I often run into the problem of having to compare two lists in Excel, to see what items are in the list to look for that can’t be found in the list to look in.
So when I saw Dick Kusleika’s post on Daily Dose of Excel I thought it was time I got my act together and worked out the best way of tackling this problem.
I decided to write a VBA UDF called IsInList2 that called 6 methods:
- Sorting the the LookIn list and using Binary Search to compare the items in the LookFor list
- Using linear search of the LookIn list for each item in the LookFor list
- Create a Collection containing the LookIn list and check it for each item in the LookFor list
- Create a Dictionary containing the LookIn list and check it for each item in the LookIn list
- Use an already sorted LookIn List and Binary Search
- Look for partial matches using InStr
Overview of the IsInList 2 UDF
The IsInList2 UDF is written as an array function returning an array of True/False.
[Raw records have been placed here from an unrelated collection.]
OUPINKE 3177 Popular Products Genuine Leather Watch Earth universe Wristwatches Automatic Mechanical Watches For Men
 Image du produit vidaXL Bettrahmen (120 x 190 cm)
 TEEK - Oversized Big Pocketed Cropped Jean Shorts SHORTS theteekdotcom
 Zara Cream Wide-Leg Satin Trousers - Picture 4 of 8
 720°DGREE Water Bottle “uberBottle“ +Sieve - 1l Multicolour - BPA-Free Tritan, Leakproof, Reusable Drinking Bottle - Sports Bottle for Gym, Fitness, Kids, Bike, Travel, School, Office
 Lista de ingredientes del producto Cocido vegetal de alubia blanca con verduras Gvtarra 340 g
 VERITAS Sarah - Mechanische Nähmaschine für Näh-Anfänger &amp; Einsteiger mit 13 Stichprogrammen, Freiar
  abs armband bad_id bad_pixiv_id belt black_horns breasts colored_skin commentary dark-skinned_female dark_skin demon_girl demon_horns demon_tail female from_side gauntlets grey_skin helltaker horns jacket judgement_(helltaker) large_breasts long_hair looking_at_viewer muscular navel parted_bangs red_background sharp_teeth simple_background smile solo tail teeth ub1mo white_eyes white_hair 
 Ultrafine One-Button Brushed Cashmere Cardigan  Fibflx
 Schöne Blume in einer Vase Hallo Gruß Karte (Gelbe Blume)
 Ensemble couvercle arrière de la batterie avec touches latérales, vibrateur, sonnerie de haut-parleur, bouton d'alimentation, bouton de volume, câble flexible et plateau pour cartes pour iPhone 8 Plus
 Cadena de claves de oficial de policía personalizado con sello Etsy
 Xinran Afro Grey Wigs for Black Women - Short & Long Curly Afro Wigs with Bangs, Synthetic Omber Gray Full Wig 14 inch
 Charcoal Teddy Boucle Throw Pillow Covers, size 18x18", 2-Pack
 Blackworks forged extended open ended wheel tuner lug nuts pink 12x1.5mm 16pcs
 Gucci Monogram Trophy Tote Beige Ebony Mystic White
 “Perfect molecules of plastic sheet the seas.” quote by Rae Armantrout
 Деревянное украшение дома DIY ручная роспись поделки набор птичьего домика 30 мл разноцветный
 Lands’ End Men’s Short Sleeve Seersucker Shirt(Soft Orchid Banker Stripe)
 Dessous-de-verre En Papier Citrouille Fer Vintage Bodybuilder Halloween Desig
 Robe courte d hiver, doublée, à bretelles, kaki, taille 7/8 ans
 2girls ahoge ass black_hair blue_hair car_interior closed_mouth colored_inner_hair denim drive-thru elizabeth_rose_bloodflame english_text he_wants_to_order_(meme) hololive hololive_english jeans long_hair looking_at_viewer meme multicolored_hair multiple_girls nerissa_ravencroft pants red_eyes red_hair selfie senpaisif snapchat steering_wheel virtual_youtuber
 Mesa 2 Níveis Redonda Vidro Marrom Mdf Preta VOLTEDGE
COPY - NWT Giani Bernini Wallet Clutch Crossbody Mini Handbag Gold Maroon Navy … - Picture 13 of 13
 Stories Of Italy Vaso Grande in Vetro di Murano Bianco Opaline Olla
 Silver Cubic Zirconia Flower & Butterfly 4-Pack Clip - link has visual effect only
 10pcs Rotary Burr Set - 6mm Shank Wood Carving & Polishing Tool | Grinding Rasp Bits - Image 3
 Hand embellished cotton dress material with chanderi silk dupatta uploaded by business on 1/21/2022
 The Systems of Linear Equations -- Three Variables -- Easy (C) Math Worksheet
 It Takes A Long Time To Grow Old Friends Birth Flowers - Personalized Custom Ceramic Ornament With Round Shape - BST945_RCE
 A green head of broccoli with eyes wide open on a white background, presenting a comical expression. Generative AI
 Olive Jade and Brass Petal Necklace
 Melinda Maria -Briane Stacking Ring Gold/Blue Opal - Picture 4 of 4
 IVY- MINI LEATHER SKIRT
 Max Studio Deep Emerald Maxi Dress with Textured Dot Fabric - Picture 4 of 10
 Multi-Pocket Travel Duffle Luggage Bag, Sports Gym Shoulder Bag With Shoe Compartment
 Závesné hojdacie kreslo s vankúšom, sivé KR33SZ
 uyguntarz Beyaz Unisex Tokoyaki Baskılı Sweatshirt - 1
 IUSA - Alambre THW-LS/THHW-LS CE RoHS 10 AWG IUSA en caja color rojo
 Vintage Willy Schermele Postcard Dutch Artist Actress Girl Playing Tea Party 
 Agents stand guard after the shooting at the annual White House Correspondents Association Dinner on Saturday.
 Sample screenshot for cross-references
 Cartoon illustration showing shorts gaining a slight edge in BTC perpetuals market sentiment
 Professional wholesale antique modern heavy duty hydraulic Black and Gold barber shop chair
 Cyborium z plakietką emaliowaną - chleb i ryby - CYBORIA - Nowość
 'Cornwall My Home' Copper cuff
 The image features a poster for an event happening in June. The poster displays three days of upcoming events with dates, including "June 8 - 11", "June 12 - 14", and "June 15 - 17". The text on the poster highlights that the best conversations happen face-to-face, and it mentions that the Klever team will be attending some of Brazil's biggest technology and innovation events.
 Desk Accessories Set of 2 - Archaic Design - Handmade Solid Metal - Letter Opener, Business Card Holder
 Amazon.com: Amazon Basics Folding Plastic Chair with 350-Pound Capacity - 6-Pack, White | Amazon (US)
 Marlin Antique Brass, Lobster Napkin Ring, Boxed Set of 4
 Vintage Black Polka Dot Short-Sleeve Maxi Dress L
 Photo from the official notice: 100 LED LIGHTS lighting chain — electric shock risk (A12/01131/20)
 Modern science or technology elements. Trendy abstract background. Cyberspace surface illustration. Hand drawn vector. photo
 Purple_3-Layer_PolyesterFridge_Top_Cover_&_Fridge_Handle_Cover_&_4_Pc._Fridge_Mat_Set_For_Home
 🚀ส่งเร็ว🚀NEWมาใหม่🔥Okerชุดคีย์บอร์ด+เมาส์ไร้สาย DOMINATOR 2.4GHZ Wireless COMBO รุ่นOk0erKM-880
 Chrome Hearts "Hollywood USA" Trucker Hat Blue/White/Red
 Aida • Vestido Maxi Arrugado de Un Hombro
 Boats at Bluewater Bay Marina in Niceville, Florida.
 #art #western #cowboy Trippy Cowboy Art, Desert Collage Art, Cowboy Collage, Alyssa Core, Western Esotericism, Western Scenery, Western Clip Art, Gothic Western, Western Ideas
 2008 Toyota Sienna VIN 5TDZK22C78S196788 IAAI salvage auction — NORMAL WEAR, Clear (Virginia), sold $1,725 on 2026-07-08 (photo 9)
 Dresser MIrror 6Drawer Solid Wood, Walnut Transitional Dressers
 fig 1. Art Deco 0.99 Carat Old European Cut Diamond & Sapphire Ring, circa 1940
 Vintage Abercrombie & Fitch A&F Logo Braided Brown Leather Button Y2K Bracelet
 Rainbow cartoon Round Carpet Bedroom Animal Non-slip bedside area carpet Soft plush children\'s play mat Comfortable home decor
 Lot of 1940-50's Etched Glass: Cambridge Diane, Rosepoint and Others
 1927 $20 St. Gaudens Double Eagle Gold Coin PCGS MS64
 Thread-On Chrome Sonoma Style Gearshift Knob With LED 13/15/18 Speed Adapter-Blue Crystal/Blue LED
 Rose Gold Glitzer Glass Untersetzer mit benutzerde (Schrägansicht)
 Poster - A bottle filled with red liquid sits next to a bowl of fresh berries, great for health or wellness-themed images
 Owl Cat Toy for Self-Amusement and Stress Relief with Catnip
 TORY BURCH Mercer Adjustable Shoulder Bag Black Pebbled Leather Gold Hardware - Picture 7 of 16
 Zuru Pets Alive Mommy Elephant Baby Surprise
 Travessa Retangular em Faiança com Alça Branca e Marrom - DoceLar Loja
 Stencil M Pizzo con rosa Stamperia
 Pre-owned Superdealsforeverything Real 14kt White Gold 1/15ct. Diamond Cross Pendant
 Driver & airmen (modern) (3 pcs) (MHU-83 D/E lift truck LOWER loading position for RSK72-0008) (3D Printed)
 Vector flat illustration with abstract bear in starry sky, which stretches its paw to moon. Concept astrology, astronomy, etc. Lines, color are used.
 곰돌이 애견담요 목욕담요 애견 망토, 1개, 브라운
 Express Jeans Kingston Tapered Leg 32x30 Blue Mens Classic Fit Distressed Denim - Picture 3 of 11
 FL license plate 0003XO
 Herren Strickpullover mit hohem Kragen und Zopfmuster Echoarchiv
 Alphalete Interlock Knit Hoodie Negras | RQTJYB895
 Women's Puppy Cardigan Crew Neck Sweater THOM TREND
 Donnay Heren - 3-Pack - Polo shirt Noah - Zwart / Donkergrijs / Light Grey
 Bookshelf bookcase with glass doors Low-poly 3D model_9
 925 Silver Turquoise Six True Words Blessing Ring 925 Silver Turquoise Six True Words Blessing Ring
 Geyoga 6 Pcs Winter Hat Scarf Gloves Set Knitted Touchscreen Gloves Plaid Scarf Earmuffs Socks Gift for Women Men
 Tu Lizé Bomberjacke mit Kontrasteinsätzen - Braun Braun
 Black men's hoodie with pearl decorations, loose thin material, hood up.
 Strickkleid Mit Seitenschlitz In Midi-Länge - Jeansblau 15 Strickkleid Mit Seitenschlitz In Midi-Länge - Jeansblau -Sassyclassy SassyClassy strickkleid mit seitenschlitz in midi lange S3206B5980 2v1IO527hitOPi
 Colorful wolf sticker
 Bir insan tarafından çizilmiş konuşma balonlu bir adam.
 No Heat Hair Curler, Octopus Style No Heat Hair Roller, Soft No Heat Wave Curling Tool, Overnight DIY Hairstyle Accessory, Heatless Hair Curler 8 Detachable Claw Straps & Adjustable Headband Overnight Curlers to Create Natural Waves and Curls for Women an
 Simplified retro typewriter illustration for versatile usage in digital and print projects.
Its designed to be called as a multi-cell array function entered in the column next to the LookFor list, so that you can Filter for False to find all the items in the LookFor list that don’t exits in the LookIn list.
For simplicity the UDF is written assuming that both lists are Ranges with at least 2 items: so the first task is to get the values from the Ranges into variant arrays.
(I have ignored the optimisation of using MATCH directly on the Range).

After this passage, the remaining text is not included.